June 9, 2017, by Tim Radford
Africa’s lions number only 10% of those the continent could sustain.
Image: Luca Galuzzi via Wikimedia Commons
Climate change is multiplying existing threats to much of the natural world, and more species face an unparalleled extinction risk.
LONDON, 9 June, 2017 – Biologists have once again confirmed that the wild things face a growing extinction risk, and that the biggest losers could be humankind itself.
They point out that at a conservative estimate the economic benefits of biodiversity – the collective word for all the richness of the planet’s species – are at least 10 times the cost of conservation of that biodiversity.
And yet, they report, human actions already threaten a quarter of all mammal species and 13% of all birds. An estimated 21,000 plants and other kinds of animal are known to be at risk.
In one of the world’s richest habitats of all – the terrain where south-east Asia, India and China meet – people in the last 50 years have put at risk two thirds of all mammals that weigh more than 10kg.
This summary of waste and despoliation is in a series of papers in the journal Nature, one of which looks again at the threats to biodiversity, while another concentrates on the ways people influence and depend on the fruits of three billion years of natural evolution.

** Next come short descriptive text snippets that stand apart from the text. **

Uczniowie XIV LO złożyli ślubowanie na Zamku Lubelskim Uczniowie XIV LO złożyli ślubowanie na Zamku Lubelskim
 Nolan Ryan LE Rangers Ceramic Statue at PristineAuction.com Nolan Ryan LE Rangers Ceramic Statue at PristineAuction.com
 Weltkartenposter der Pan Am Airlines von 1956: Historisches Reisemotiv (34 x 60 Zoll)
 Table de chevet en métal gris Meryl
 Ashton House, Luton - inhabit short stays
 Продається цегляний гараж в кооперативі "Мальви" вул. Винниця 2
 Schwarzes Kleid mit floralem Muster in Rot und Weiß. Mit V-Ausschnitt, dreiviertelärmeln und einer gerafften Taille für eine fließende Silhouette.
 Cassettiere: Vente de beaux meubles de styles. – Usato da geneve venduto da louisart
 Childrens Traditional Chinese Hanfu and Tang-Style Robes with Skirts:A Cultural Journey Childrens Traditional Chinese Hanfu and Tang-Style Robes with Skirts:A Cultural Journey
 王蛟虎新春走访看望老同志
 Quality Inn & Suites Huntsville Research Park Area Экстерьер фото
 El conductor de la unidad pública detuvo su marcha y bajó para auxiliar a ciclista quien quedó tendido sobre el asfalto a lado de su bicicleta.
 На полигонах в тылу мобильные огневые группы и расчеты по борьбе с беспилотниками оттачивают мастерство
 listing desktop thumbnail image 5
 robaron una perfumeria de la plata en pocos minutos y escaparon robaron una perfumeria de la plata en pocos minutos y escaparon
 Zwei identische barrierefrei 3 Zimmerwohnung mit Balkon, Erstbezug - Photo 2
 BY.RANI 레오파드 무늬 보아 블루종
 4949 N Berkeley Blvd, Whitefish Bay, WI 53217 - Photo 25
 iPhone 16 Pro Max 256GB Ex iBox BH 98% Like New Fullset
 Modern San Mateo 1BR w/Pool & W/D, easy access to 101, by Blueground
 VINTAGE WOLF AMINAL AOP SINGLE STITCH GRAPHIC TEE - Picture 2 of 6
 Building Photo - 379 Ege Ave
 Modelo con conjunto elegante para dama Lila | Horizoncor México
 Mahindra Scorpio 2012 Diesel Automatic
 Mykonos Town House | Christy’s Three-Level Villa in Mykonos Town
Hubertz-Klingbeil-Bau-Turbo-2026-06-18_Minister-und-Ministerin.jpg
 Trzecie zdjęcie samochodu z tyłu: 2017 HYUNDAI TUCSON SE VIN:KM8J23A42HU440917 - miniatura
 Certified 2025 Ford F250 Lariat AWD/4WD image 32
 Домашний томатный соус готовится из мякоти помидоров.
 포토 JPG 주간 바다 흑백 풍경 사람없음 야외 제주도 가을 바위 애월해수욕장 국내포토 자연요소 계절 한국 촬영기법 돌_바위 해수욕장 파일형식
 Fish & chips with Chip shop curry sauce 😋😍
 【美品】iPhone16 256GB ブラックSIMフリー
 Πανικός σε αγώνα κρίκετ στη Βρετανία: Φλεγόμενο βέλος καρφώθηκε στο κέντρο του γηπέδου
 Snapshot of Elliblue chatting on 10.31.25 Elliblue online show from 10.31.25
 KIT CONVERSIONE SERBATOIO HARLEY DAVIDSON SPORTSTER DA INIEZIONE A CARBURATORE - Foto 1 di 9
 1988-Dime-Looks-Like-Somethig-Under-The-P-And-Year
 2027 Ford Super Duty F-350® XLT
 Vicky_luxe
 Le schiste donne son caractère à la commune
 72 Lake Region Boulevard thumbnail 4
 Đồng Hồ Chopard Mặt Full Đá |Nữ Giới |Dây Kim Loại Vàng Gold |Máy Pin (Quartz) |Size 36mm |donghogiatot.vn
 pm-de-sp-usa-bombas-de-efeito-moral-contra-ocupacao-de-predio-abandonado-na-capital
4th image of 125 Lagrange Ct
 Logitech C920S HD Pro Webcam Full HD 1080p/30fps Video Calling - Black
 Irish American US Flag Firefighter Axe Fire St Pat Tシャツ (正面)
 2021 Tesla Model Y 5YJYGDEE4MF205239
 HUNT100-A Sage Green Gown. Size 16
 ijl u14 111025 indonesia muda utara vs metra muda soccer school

It is a given that human economies depend entirely on what grows on the planet, and what can be excavated from its soils. The clearing of the forests and the settlement of the grasslands, pollution from the cities, overhunting and overgrazing, all driven by the swelling of human numbers, have now taken rates of species extinction to alarming levels.
It has also been identified as a danger to the diversity of plant life as temperatures rise and rainfall patterns change with rising ratios of atmospheric carbon dioxide, the greenhouse gas emitted from internal combustion engines and coal-fired power stations.
No one yet claims that climate change itself is the principal hazard, but it exacerbates the impact of all the other pressures on wildlife.
So a team led by David Tilman of the University of Minnesota has delivered a paper looking at the next 50 years, as human impact on habitat poses, they say “unprecedented levels of extinction risk on many more species worldwide” – especially the large mammals of tropical Africa, Asia and South America.
The world had lost half of its terrestrial mammalian megafauna – mammals heavier than 44kg – by 1,000 BC, and 15% of all bird species. In the last 3,000 years human numbers have multiplied 25-fold and another 4bn of us will join the human race by the century’s end. So, the scientists argue, unless steps are taken, extinction rates will accelerate.
But, they point out, some steps are being taken: 31 bird species have been saved by conservation programmes from total extinction, and the same efforts have halted the decline of one threatened vertebrate in five. Captive breeding programmes have reintroduced species that were once all but lost.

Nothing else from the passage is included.